Real recipe for success


The National Assembly Committee on Finance has passed amendments in the SBP Act of 1956 for creation of a Monetary Policy Committee (MPC) with powers to fix key discount rates and formulate monetary policy of the country independent of government’s interference.

The spirit of the amendment is to end any kind of political interference in monetary policymaking processes and give real autonomy to the State Bank of Pakistan. This change is sought by the International Monetary Fund (IMF) under its Extended Fund Facility of $6.64 billion to the country in three years. The government had been dragging its feet on the pretext of the Parliament having the final say in the matter.

Creation of an independent MPC was also proposed by the Fund – under its previous programme – to the PPP-led coalition government. The amendment was passed, giving MPC only a recommendatory role; it however vesting the Central Board of Directors of the Central Bank with powers of final approvals. The Fund is of the view that since the Federal Secretary Finance is an ex-officio member SBP’s Central Board of Directors and other members on the board are nominated by the government on the recommendations of the Finance Ministry, the real power lies with the government. Therefore, the government has the final say in fixation of lending rates and PKR parity. Further, despite the law providing SBP the power to control its balance sheet by refusing federal government to honour its cheques and retire the debt it owes to the State Bank as per existing law, thus far, all successive governments have violated this law with impunity. This has resulted in Pakistan repeatedly going to the Fund for help and having a high incidence of inflation and a weak currency.

The real issues facing Pakistan are the perennial twin deficits, ie, both in dollar and rupee terms. In 2005, the Parliament passed the Fiscal Debt Limitation Act. But because our parliamentarians lack the financial skills to hold the federal government accountable, despite repeated reminders provided in SBP’s quarterly reports, the law was continuously violated and no accountability or proper oversight by the Parliament was undertaken.
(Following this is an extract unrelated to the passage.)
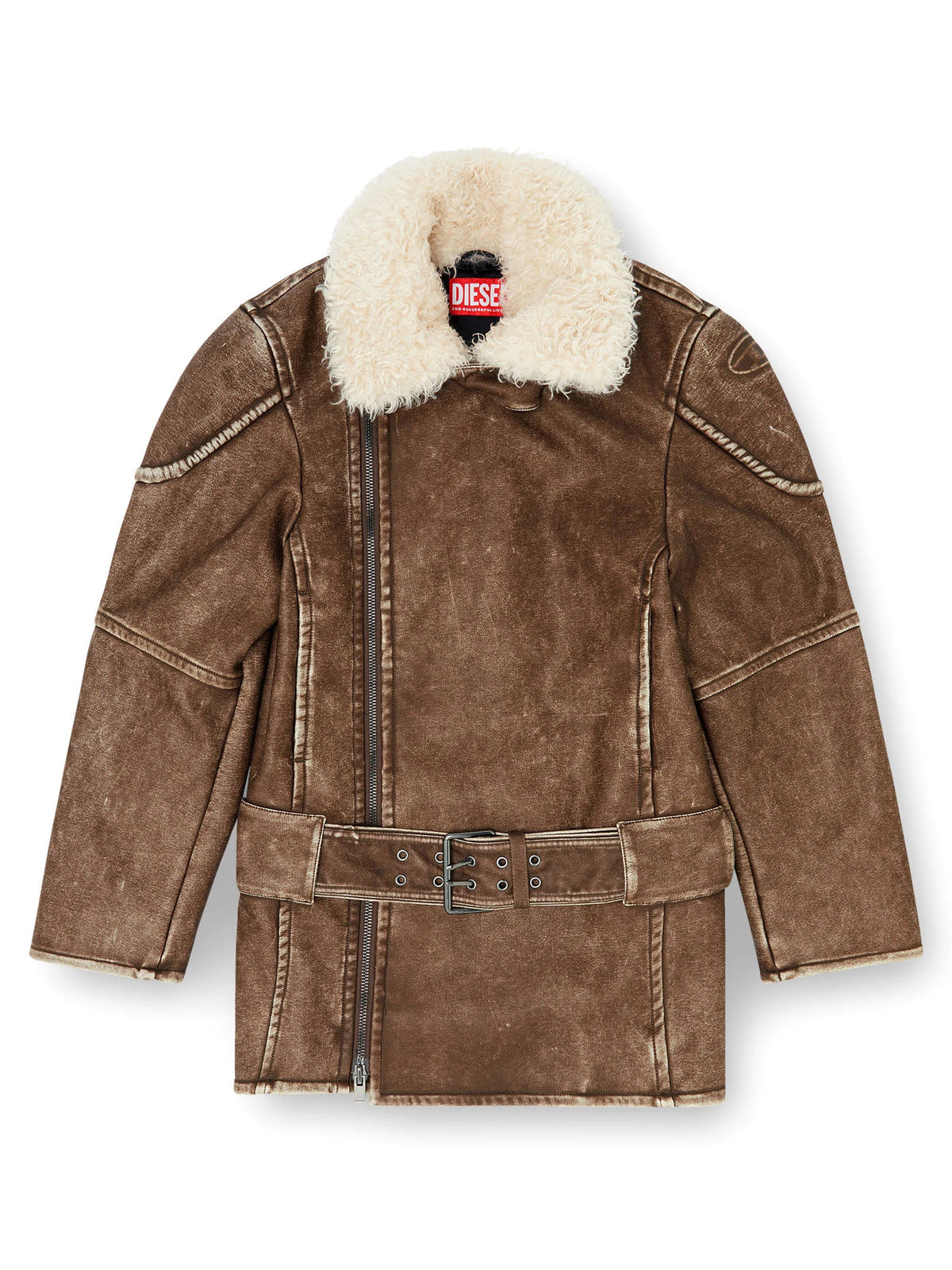 Giacca stile aviator-biker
The law provides fixed tenures to certain functionaries so that they can conduct their assigned role fearlessly. It has not happened because the politicians know how to work around it and there are people available and willing to do their bidding. Therefore, Parliament may pass any law that it pleases to but the objective will only be achieved if the appointees have the spine to resist governments pressure and remain steadfast in achieving the objective. What we have seen so far is that this depends on the linkage between the appointing authority and the appointee. Finance Minister Dar enjoys his powers because of his strong relationship with Prime Minister Mian Nawaz Sharif. The law gives the powers to the PM. The Finance Minister’s relationship with PM needs to be: “When FM says ‘No’ PM needs to understand that this ‘No’ is in his and his government’s best interest and also in the interest of the country”. This is the key to success or failure of a policy in a country like ours.

Similarly, Governor SBP needs to either enjoy the confidence of the real repository of power or can choose to go home. Both SBP governors Syed Salim Raza and Shahid H. Kardar opted to go home before completing their terms in office because of lack of confidence in them was expressed by the then President, Asif Ali Zardari. Their Deputy Governor Yasin Anwar, was elevated by Zardari; he also relinquished his charge prematurely as the new government of PML (N) found him inadequate for the job. Only Dr Ishrat Husain completed his two terms in office as Governor of the Central Bank because Pervez Musharraf not only liked his advice but also found him sound for the job. This just goes to prove that the strength of a relationship between the appointing authority and the appointee prevails in this country and not the SBP Act. This is indeed sad. The notion that a change in the SBP Act would bring about a change in governmental attitude is patently wrong. The existing law gives SBP autonomy and not independence. Autonomy means having financial and administrative powers to act within the system where rule of law and not whims or desires prevail. The Federal Reserve acted to save the financial system in the US. So has the European Central Bank. The Governor of Bank of Japan’s thinking is in line with Prime Minister Shinto Abe’s economic vision. Hard thoughts are needed prior to appointment of the Central Bank Governor and there should not be any second guessing afterwards. Fiscal & Monetary Co-ordination Board is meant for co-ordinating economic policy by both arms of the state under the Chairmanship of the Finance Minister.